The Muller F element (4.2 Mb, ~80 protein-coding genes) is an unusual autosome of Drosophila melanogaster; it is mostly heterochromatic with a low recombination rate. To investigate how these properties impact the evolution of repeats and genes, we manually improved the sequence and annotated the genes on the D. erecta, D. mojavensis, and D. grimshawi F elements and euchromatic domains from the Muller D element. We find that F elements have greater transposon density (25–50%) than euchromatic reference regions (3–11%). Among the F elements, D. grimshawi has the lowest transposon density (particularly DINE-1: 2% vs. 11–27%). F element genes have larger coding spans, more coding exons, larger introns, and lower codon bias. Comparison of the Effective Number of Codons with the Codon Adaptation Index shows that, in contrast to the other species, codon bias in D. grimshawi F element genes can be attributed primarily to selection instead of mutational biases, suggesting that density and types of transposons affect the degree of local heterochromatin formation.
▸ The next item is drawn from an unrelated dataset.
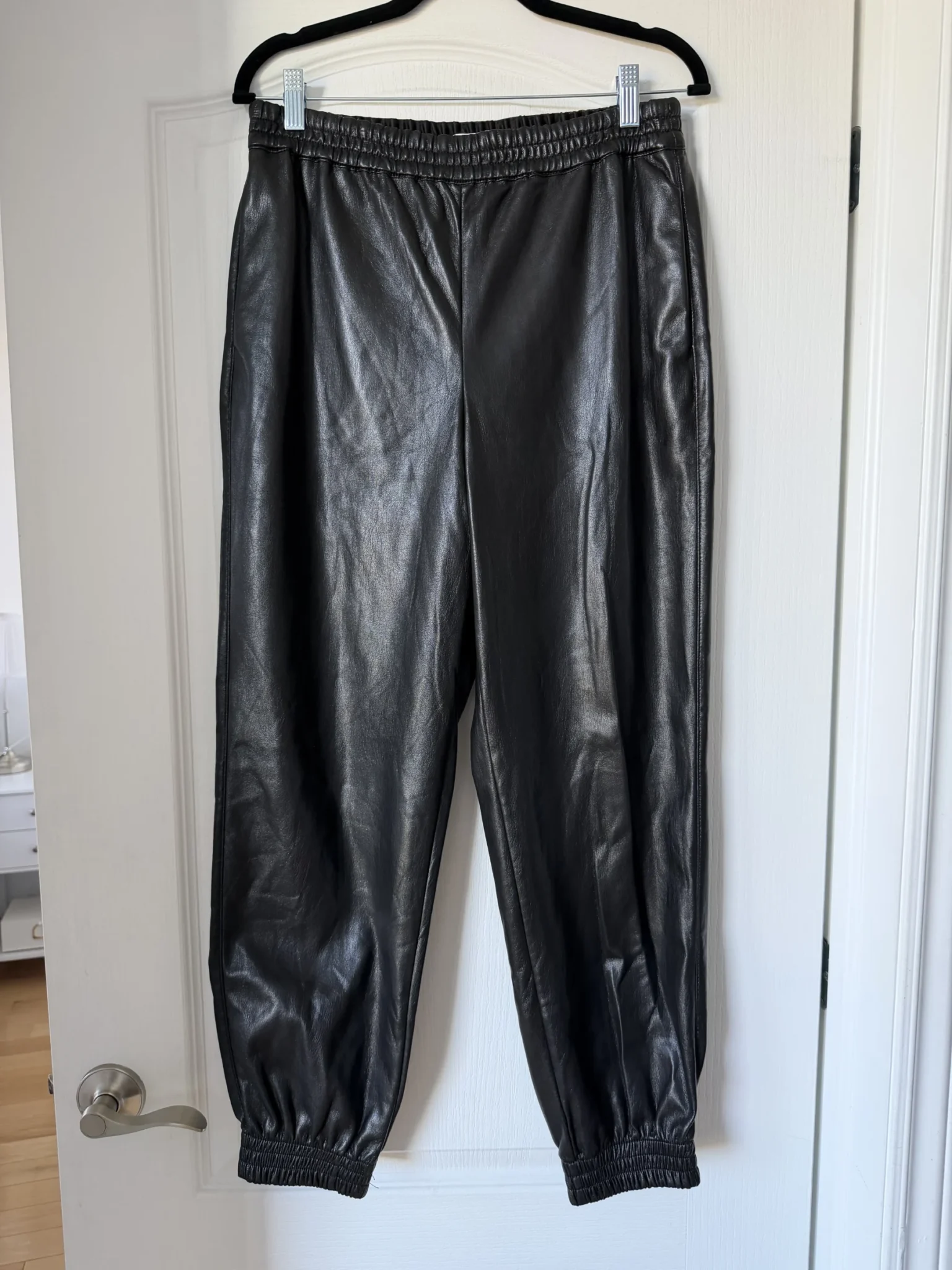 Image for Babaton trousers, size M, black faux leather, jogger-style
F element genes have lower estimated DNA melting temperatures than D element genes, potentially facilitating transcription through heterochromatin. Most F element genes (~90%) have remained on that element, but the F element has smaller syntenic blocks than genome averages (3.4–3.6 vs. 8.4–8.8 genes per block), indicating greater rates of inversion despite lower rates of recombination. Overall, the F element has maintained characteristics that are distinct from other autosomes in the Drosophila lineage, illuminating the constraints imposed by a heterochromatic milieu.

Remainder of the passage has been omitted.